Histological evaluation of bone healing after cell transplantation: a) representative histological image (× 40 magnification) of each group stained with toluidine blue at two, four, and eight weeks post-operatively (bc, bridging callus; cb, cortical bone; ca cartilage; ft, fibrous tissue; tb trabecular bone). The nonunion sites of the peripheral blood mononuclear cell (PBMNC) group and the quality and quantity control-cultured mononuclear cell (QQMNC) group demonstrated enhanced endochondral ossification consisting of numerous chondrocytes and newly-formed trabecular bone. The degree of bone healing evaluated by Allen’s scoring scale was significantly higher in the QQMNC group than in the other groups at eight weeks post-operatively. The graph represents the mean sd standard deviation (*p < 0.05, **p < 0.01;, Tukey’s post hoc test n = 6 at two, and four weeks, n = 8 at eight weeks); b) immunohistochemical evaluation of neovascularisation by α smooth muscle actin staining at two weeks post-operatively: representative images of each group are shown (top images; ×40 magnification, bottom images; ×200 magnification). The density of capillaries was calculated and can be seen in the graph. The density was significantly higher in the QQMNC group than in the control or PBMNC groups. Each column represents the mean sd standard deviation (**p < 0.01, Tukey’s post hoc test; n = 6) (PBS, phosphate-buffered saline).

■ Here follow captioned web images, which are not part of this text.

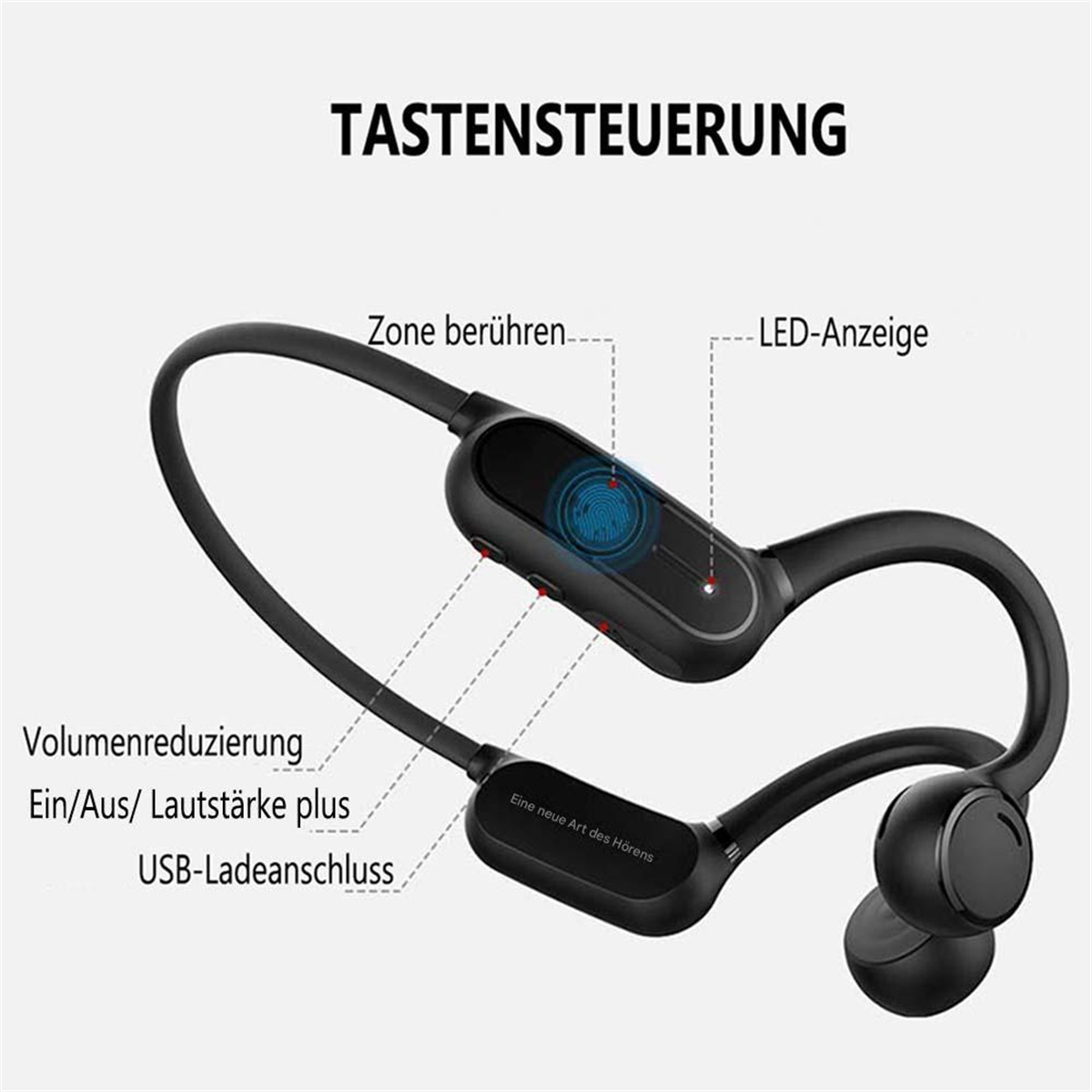 Kopfhörer mit Steuertasten und USB-Anschluss.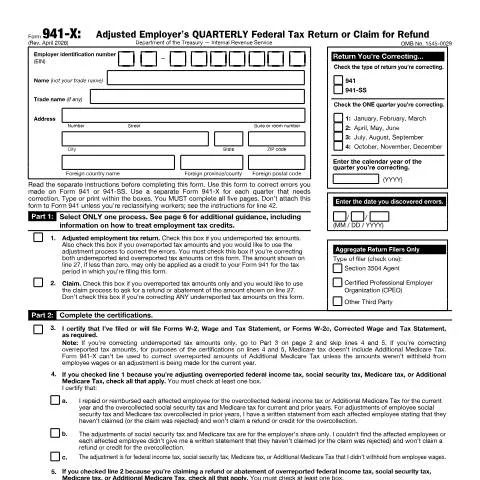 Document preview: Understanding the Importance of IRS Form 941-X — Taxes (CERFA n°941X)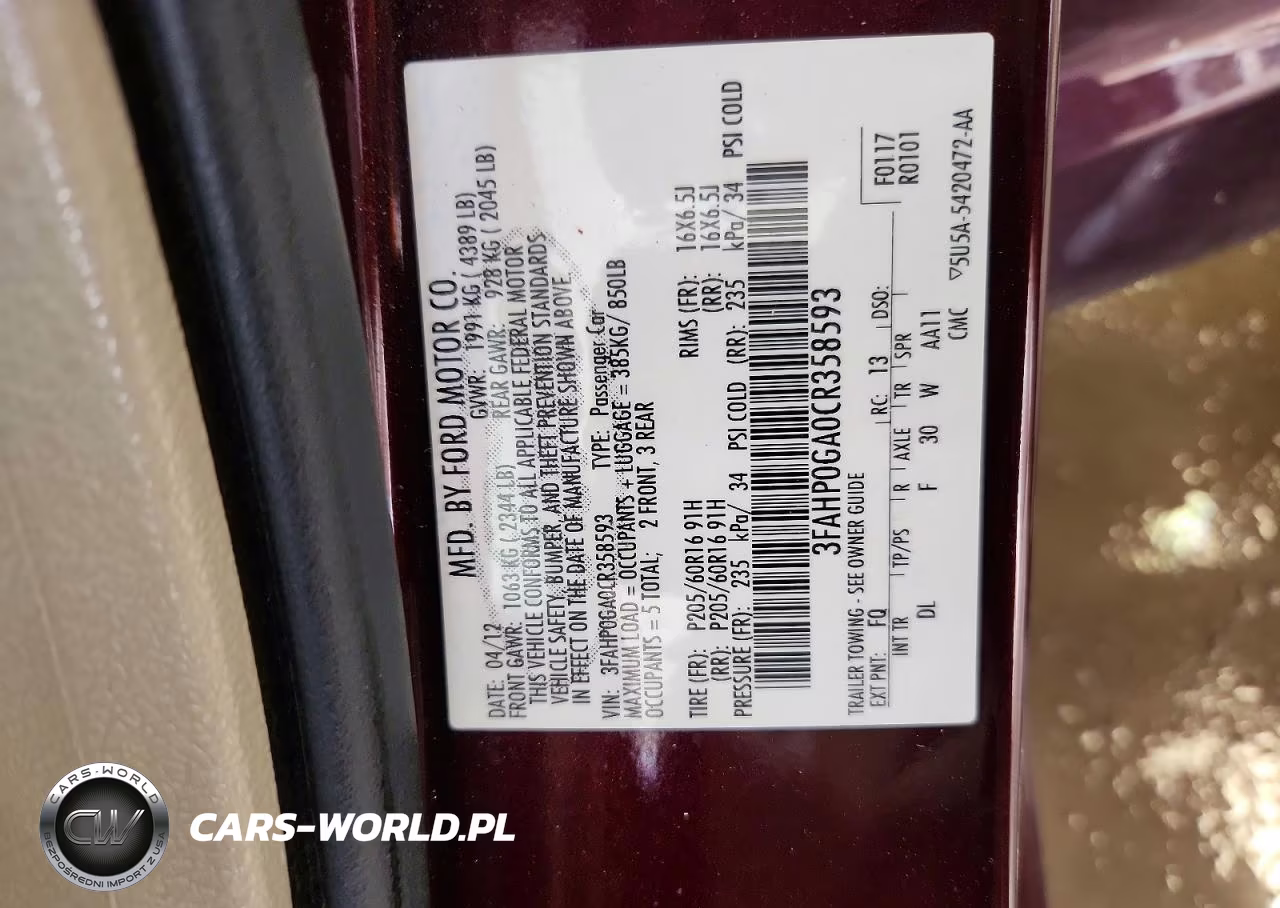2012 Ford Fusion S VIN:3FAHP0GA0CR358593 - 12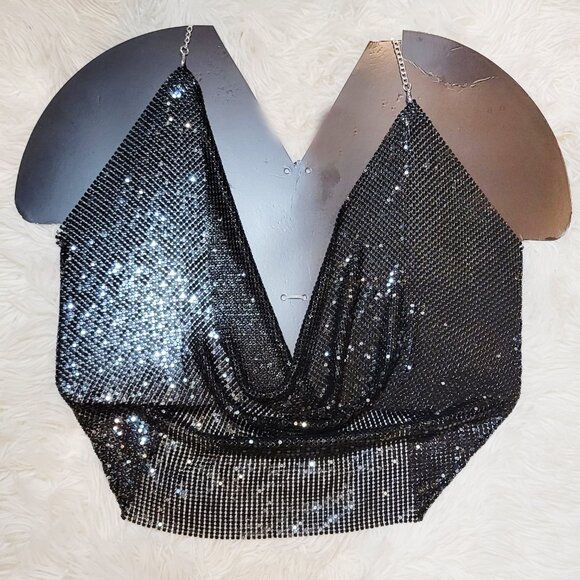 ✨🎉Black Metal Chain Sparkly Draped Jeweled Party Going out Cropped Top🎉✨ - Picture 5 of 8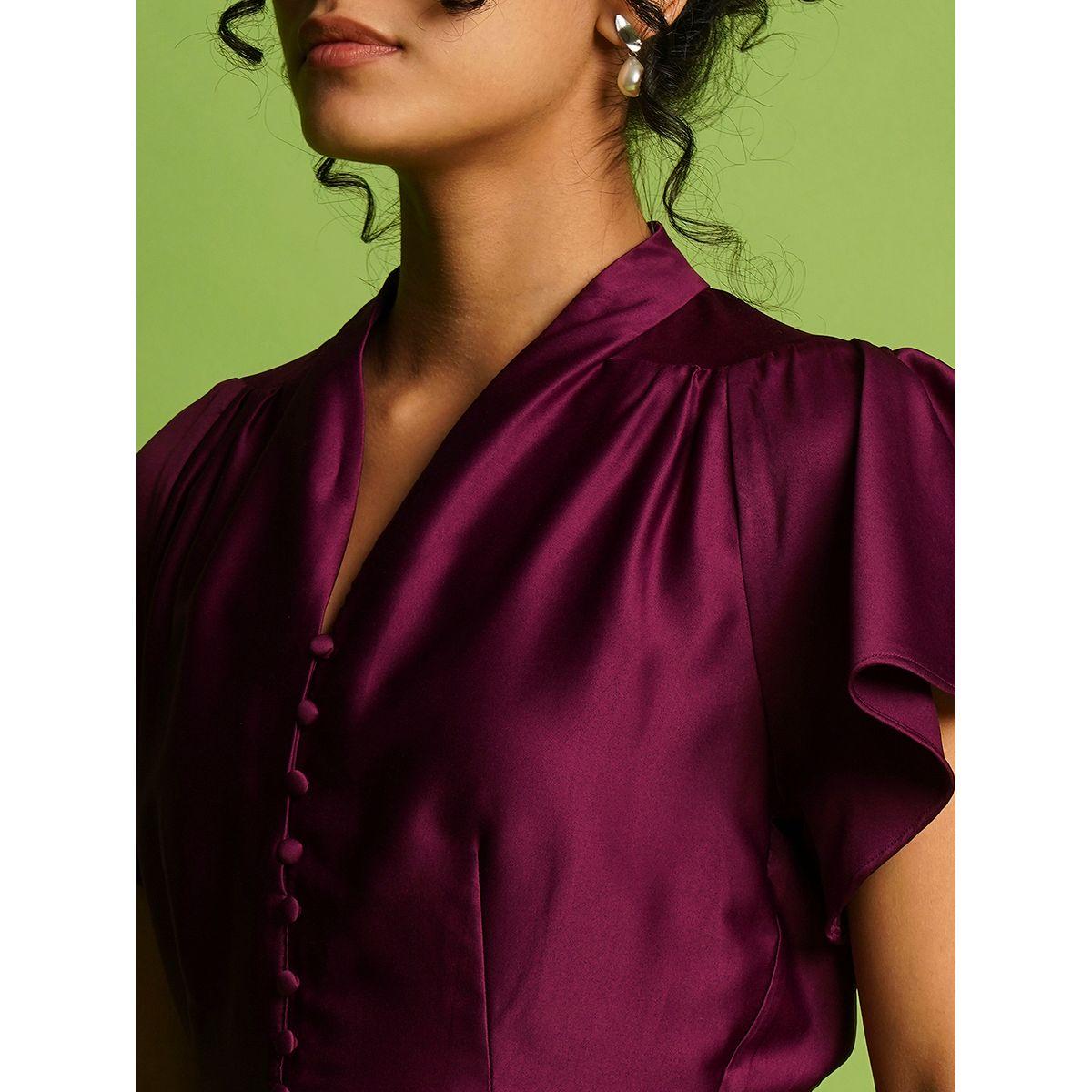 Globus Solid V-Neck Flutter Sleeves Peplum Top-women-clothing-shirtsandblouses-blouses-image-4
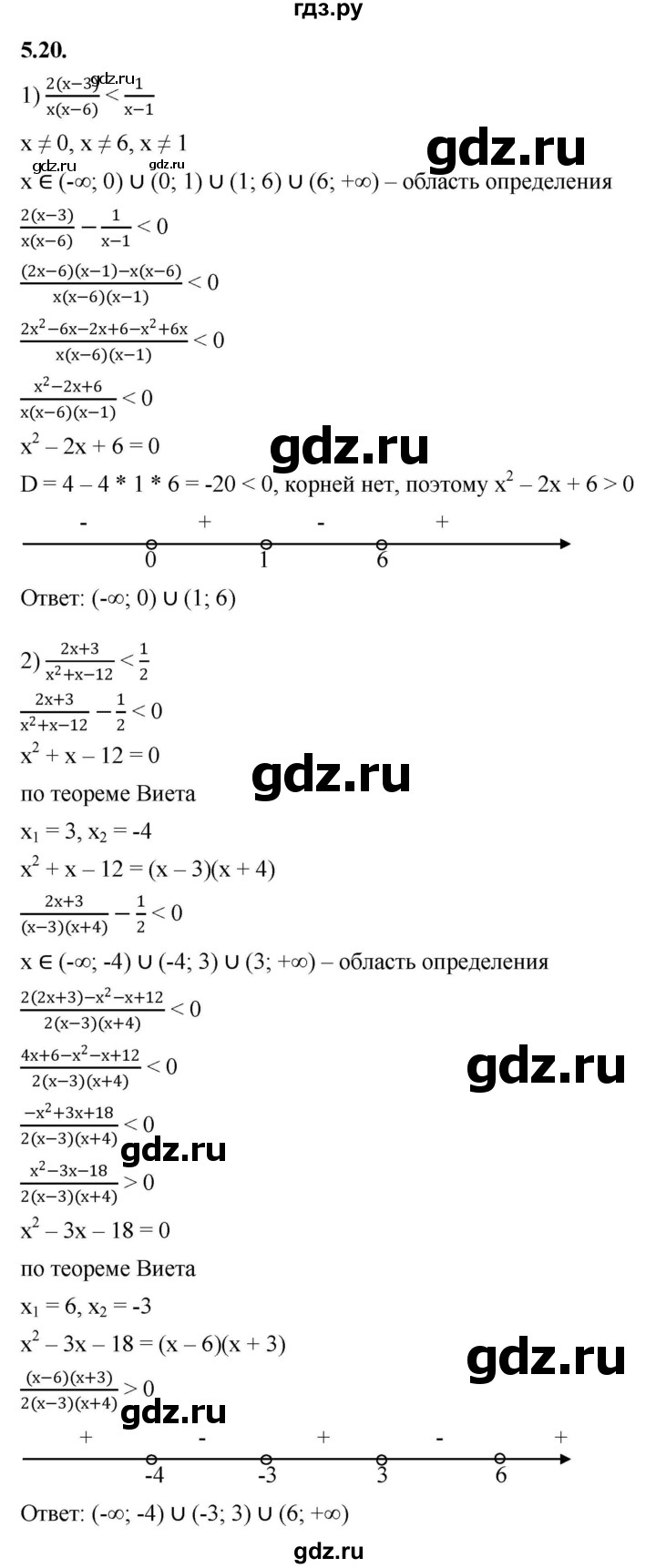 ГДЗ по алгебре 10 класс Мерзляк  Базовый уровень задание - 5.20, Решебник к учебнику 2022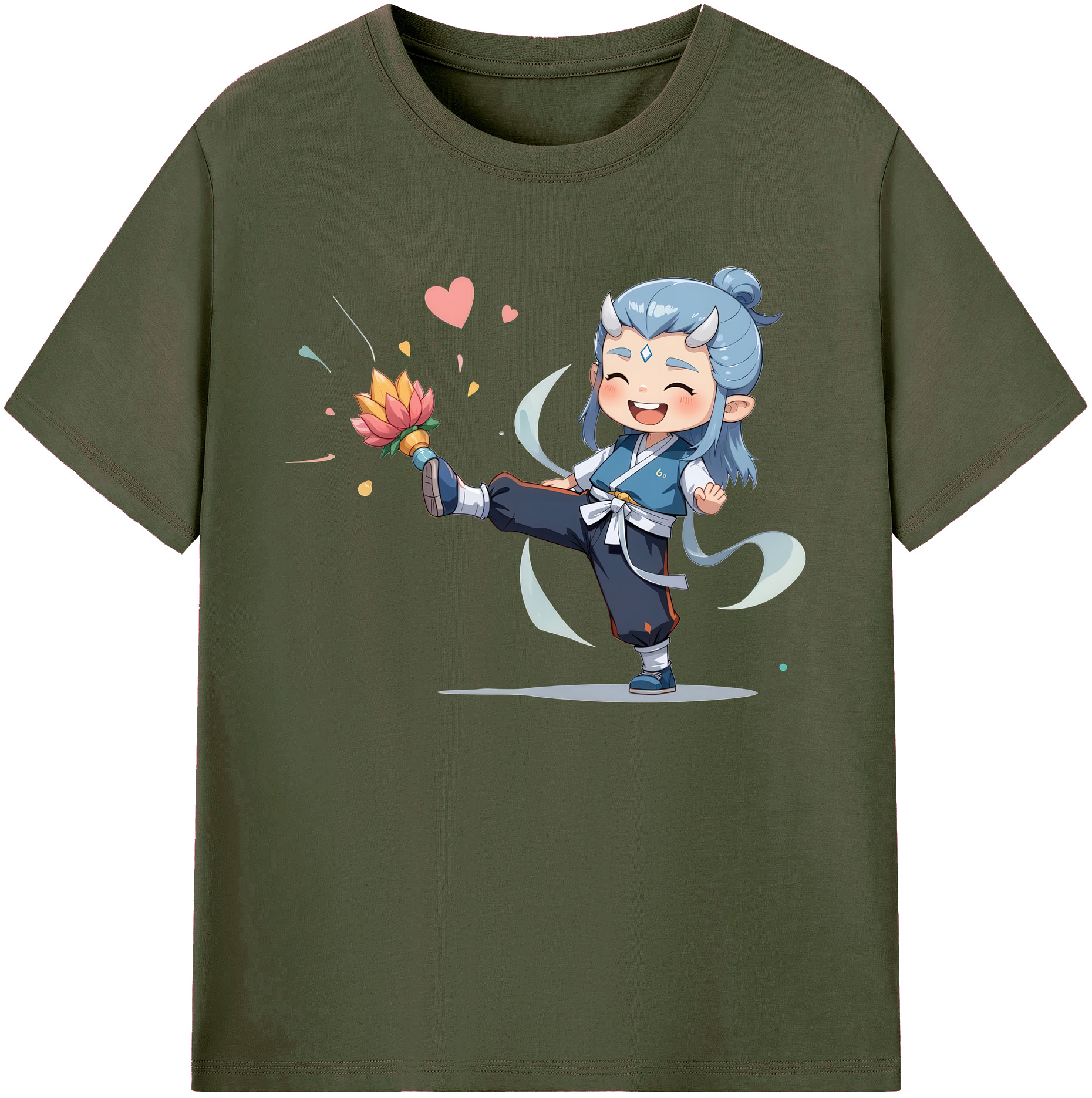 （画像用） Ne Zha 2 ナタ 魔童の大暴れ 綿100％ メンズ半袖Tシャツ｜肌触りやわらか＆通気性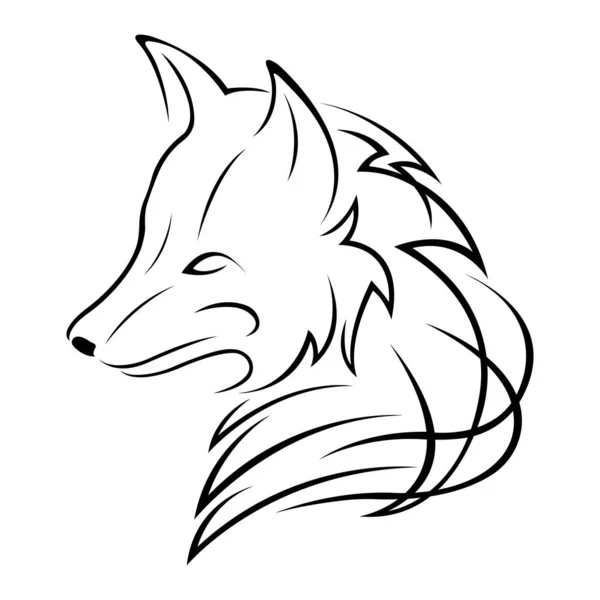 Волк Рисуется Различными Черными Линиями Дизайн Подходит Логотипа Значка Символа — стоковый вектор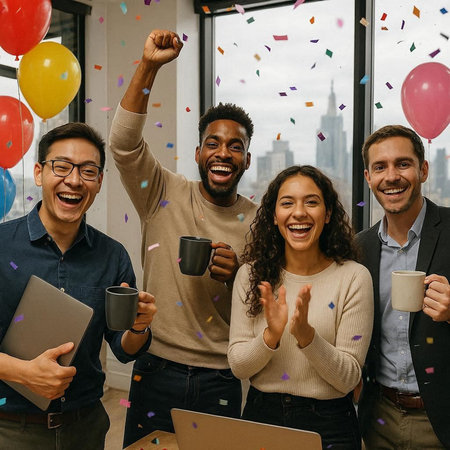 Happy group of multiethnic businesspeople celebrating their success at office with balloons and...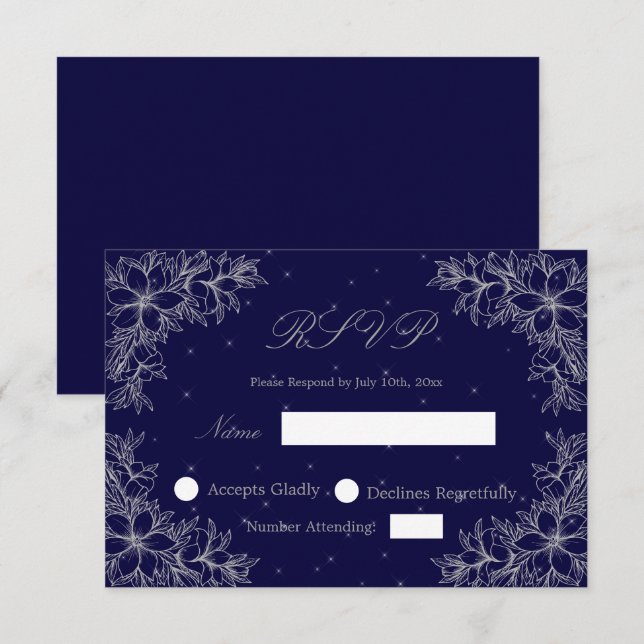 Cartão RSVP Confirmação de Casamento Prateado com gráficos Flo (Frente/Verso)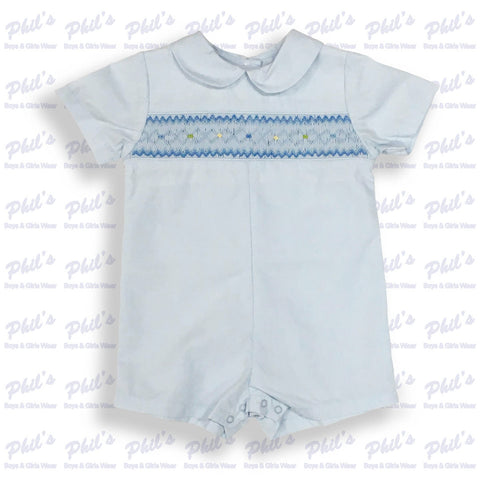 Blue Smocked Shortall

QQMNCs enhance angiogenesis and osteogenesis in vivo

Capillary density was significantly greater in the QQMNC group than in the PBMNC and control groups in the tissue harvested at two weeks after transplantation (QQMNCs: 21.67 vessels/mm², sd 4.96; PBMNCs: 10.95 vessels/mm², sd 2.56; control: 10.62 vessels/mm², sd 3.02) (Fig. 4b). In addition, in the QQMNC group, several bone healing-related genes were significantly upregulated (Fig. 5). There were no significant differences in expression of type 1 collagen and osteocalcin among the three groups (Fig. 5).

Fig. 5

quantitative real-time polymerase chain reaction (qRTPCR) of callus around the fracture site at two weeks after implantation. The relative gene expression level relating to angiogenic factors (vascular endothelial growth factor (VEGF), fibroblast growth factor 2 (FGF2)). The expression of VEGF was significantly greater in the quality and quantity control-cultured mononuclear cell (QQMNC) group than in the control group and the expression of FGF2 was significantly higher in the QQMNC group than in the peripheral blood mononuclear cell (PBMNC) and control groups. The relative gene expression levels of osteogenic factors (Type 1 collagen, RUNX2, osteocalcin) are shown in the second row of graphs. The expression of RUNX2 was significantly greater in both experimental groups than in the control group (*p < 0.05, **p < 0.01, Tukey’s post hoc test; n = 6 per group). Each graph column represents a mean sd standard deviation.